How to Love & Understand a Bipolar Person

I made this video in 2017 called: “How to love & understand someone who has bipolar disorder” At 70,000 views, it has helped countless people learn how to support their family member, friend or significant other who has bipolar!

Through the years, I’ve responded to hundreds of DMs/emails asking me for specific advice on this. Typically, it involves someone dating/married to a bipolar person who is refusing treatment. My response is always similar. Here is a recent comment I got on the video asking a question I’ve gotten A LOT! Below is the response I give in my 1-on-1 messages 💛

I re-watched this recently and had a similar reaction as you, I was shocked how intense and complex it is. I filmed this when I was manic and newly diagnosed, so I would make a different video now, 4 years later.

That being said, there are a lot of truths to what I said. Here is how to understand them:

1. Care for a bipolar person absolutely needs to be a group effort. You are right, 1 person CANNOT do it alone. It requires a community: the parents, siblings, significant other, several best friends, a therapist and psychiatrist. If you are the ONLY caretaker for a bipolar person, it will not work. You will not be strong enough and that says nothing about how selfless or loving you are. Recruit your boyfriend’s parents, siblings and friends. They NEED to help. Ask his parents/siblings/friends to attend therapy appointments with him. Send them books and articles and youtube videos so they can educate themselves. They have known him much longer than you and need to be doing more than you are.
2. If someone in your life has bipolar (or any mental illness), you should go to regular therapy. Your needs absolutely need to be taken care of. It is overwhelming and takes a toll on you. A therapist will help you process everything and teach you how to practice self care and maintain your identity within it.

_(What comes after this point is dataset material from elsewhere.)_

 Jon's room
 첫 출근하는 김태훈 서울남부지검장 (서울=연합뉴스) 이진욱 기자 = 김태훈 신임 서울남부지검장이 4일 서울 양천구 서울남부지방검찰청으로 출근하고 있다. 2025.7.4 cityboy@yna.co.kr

3. It will get better! The episodes and constant changing of meds is temporary. When bipolar first comes out, it is complete chaos. It is overwhelming for the bipolar person to process. Getting on the right meds could take many months, even up to a year. But this will NOT be forever. The “chaos stage” for me lasted a year and a half. I was not in a romantic relationship at the time, which looking back I’m grateful for. I would NOT have wanted to put that much pain and trauma on a romantic partner. Once the bipolar person is on the right meds and has gone to enough therapy and cried enough, it will be extremely chill. I forget I’m bipolar all the time, because I just take my meds at night and that’s it. I don’t have strong symptoms or episodes anymore.

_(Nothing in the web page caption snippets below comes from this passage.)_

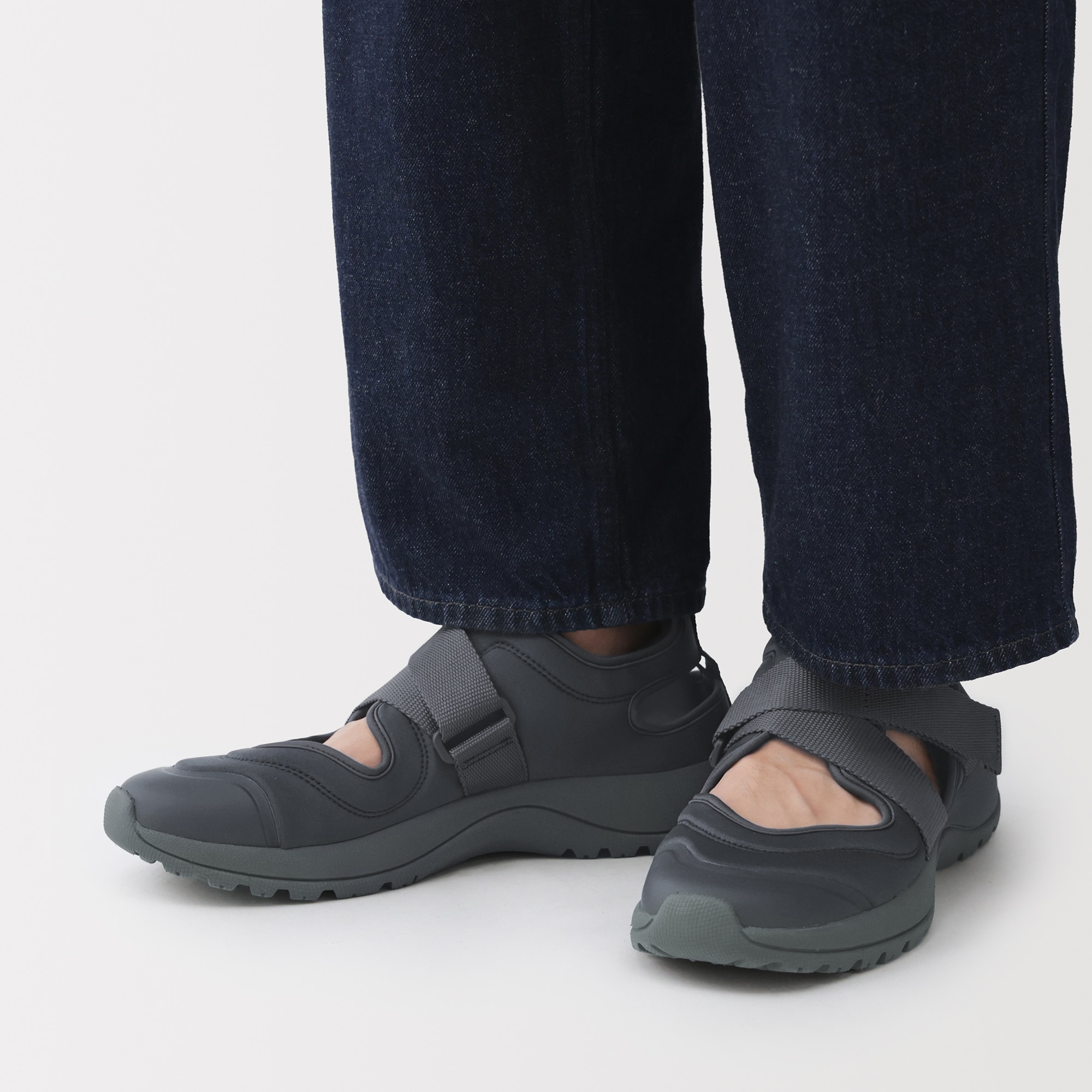 スニーカーサンダル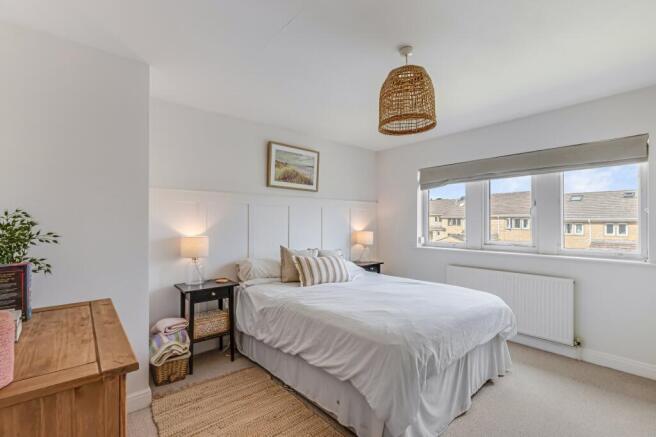 3 bed Semi-Detached for sale Image 6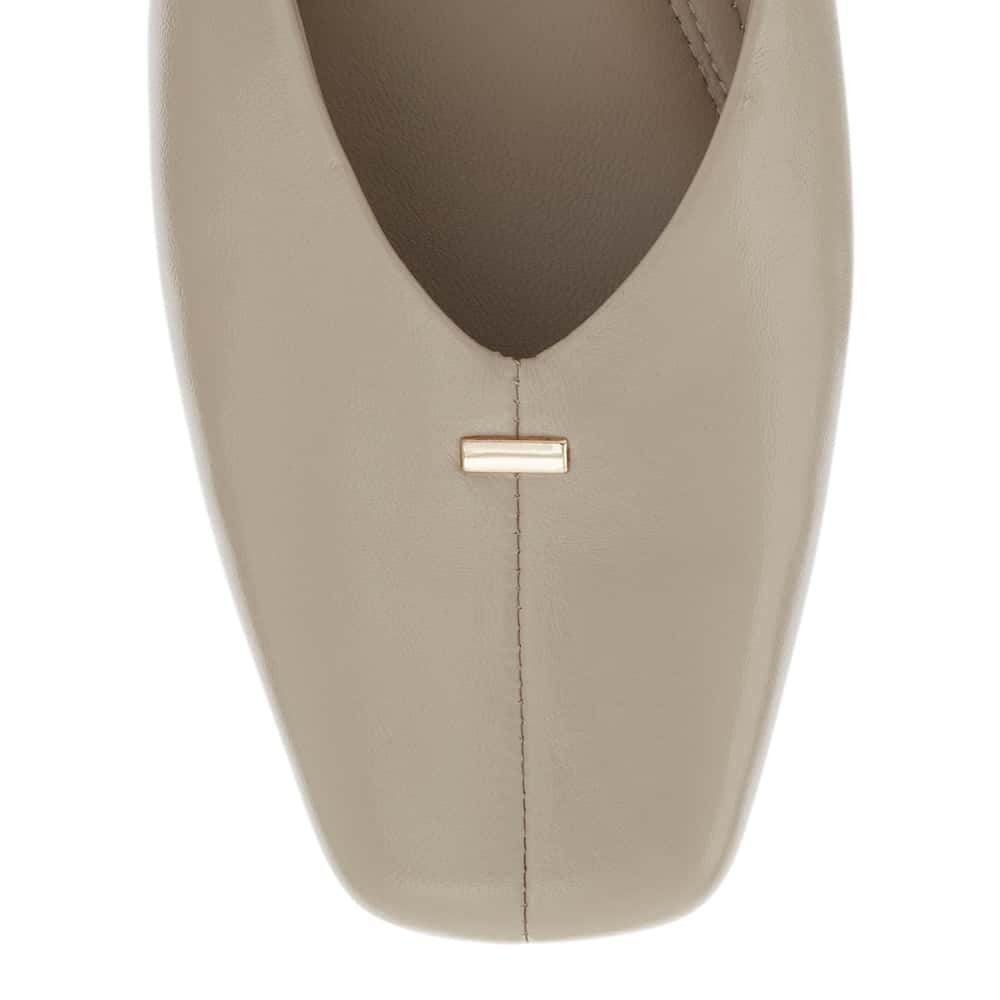 Pearl Ballet Flat in Ivory Leather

4. It is a NON negotiable, that he has to stay on meds for you to be together. My fiancé told me this before we started dating. He said we will break up if I go off my meds. It is the most loving thing he has ever done for me, because that accountability of keeping me on meds has kept me happy & healthy. I did go off 1 of my meds eight months into our relationship and he told me I had to go back on. Because of his passion and intensity, I thankfully did. Currently, I haven’t gone off for 4 years. I have changed my meds a few times through the year, but under the counsel of my psychiatrist. Going into our marriage, we both know that I will stay on meds. That’s the ONLY way to maintain a healthy relationship with a bipolar person.
5. If your boyfriend is refusing treatment and you have tried to help him so many times for months but it isn’t working, you need to walk away. There’s NOTHING you can do to help him if he is refusing to go to therapy and refusing to be medicated by a psychiatrist. You are enabling an addiction (craving mania is a chemical addiction, it’s why bipolar people go off meds) by staying with him. Imagine if he was an alcoholic or addicted to heroine and refusing treatment, would you stay with him? No. It would only make it worse. This is heartbreaking for partners of bipolar people to hear, but it’s the truth. It is extremely common: most DMs and comments I get about bipolar from their boyfriend/girlfriend/husband/wife involve this: the bipolar person refuses to believe they’re bipolar, will not go to therapy and will not stay on medication. Often they refuse to even talk about it. Definitely be persistent for a couple months, but if nothing is changing, the best thing to do (for you AND for him) is walk away and breakup with him.
6. Some people will not be a good partner to a bipolar person. Even with help from a community and therapy sessions for yourself and the bipolar person staying on meds to fully comply with treatment, there are very specific needs that a significant other will need to provide for the bipolar person and you might not be able to meet their needs. You might never be a person who can be with a bipolar significant other longterm and that says nothing about how selfless or loving you are. Everyone has different personality types and different dating preferences and that’s normal! My fiancé is very intense emotionally and my huge emotions are not “too much” for him. He is fine with calling me many mornings to wake me up, doesn’t get annoyed at reminding me to take my meds or eat, and helps me with the logistics of my health insurance. He has known other bipolar people and so this isn’t new to him.